Nothing may be dropped. Retype the whole listing exactly.

+---+

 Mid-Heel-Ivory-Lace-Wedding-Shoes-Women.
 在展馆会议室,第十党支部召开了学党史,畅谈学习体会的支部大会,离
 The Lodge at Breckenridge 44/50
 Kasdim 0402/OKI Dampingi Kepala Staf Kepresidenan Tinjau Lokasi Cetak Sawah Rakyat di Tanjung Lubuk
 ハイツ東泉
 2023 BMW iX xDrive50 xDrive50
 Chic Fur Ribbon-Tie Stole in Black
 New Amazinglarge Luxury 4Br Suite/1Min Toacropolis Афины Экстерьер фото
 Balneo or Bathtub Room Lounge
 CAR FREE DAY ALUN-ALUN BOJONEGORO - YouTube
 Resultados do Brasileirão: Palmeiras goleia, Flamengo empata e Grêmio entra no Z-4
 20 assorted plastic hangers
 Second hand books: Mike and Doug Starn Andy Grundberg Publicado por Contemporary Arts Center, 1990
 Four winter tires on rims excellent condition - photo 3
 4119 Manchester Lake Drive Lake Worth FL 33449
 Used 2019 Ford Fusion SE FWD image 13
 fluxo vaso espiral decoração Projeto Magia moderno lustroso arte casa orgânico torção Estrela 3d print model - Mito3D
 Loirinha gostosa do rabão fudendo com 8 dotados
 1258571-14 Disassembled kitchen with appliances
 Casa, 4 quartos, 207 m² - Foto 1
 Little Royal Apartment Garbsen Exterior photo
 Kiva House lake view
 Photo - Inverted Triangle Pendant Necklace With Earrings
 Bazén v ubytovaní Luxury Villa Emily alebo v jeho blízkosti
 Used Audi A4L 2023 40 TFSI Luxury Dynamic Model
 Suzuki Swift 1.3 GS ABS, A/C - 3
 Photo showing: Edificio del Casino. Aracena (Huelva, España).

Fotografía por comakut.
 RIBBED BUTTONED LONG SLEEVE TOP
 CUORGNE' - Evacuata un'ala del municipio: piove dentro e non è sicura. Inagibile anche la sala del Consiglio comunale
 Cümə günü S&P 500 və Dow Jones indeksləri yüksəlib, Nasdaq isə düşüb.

+---+

Result of the exercise
 Mid-Heel-Ivory-Lace-Wedding-Shoes-Women.
 在展馆会议室,第十党支部召开了学党史,畅谈学习体会的支部大会,离
 The Lodge at Breckenridge 44/50
 Kasdim 0402/OKI Dampingi Kepala Staf Kepresidenan Tinjau Lokasi Cetak Sawah Rakyat di Tanjung Lubuk
 ハイツ東泉
 2023 BMW iX xDrive50 xDrive50
 Chic Fur Ribbon-Tie Stole in Black
 New Amazinglarge Luxury 4Br Suite/1Min Toacropolis Афины Экстерьер фото
 Balneo or Bathtub Room Lounge
 CAR FREE DAY ALUN-ALUN BOJONEGORO - YouTube
 Resultados do Brasileirão: Palmeiras goleia, Flamengo empata e Grêmio entra no Z-4
 20 assorted plastic hangers
 Second hand books: Mike and Doug Starn Andy Grundberg Publicado por Contemporary Arts Center, 1990
 Four winter tires on rims excellent condition - photo 3
 4119 Manchester Lake Drive Lake Worth FL 33449
 Used 2019 Ford Fusion SE FWD image 13
 fluxo vaso espiral decoração Projeto Magia moderno lustroso arte casa orgânico torção Estrela 3d print model - Mito3D
 Loirinha gostosa do rabão fudendo com 8 dotados
 1258571-14 Disassembled kitchen with appliances
 Casa, 4 quartos, 207 m² - Foto 1
 Little Royal Apartment Garbsen Exterior photo
 Kiva House lake view
 Photo - Inverted Triangle Pendant Necklace With Earrings
 Bazén v ubytovaní Luxury Villa Emily alebo v jeho blízkosti
 Used Audi A4L 2023 40 TFSI Luxury Dynamic Model
 Suzuki Swift 1.3 GS ABS, A/C - 3
 Photo showing: Edificio del Casino. Aracena (Huelva, España).

Fotografía por comakut.
 RIBBED BUTTONED LONG SLEEVE TOP
 CUORGNE' - Evacuata un'ala del municipio: piove dentro e non è sicura. Inagibile anche la sala del Consiglio comunale
 Cümə günü S&P 500 və Dow Jones indeksləri yüksəlib, Nasdaq isə düşüb.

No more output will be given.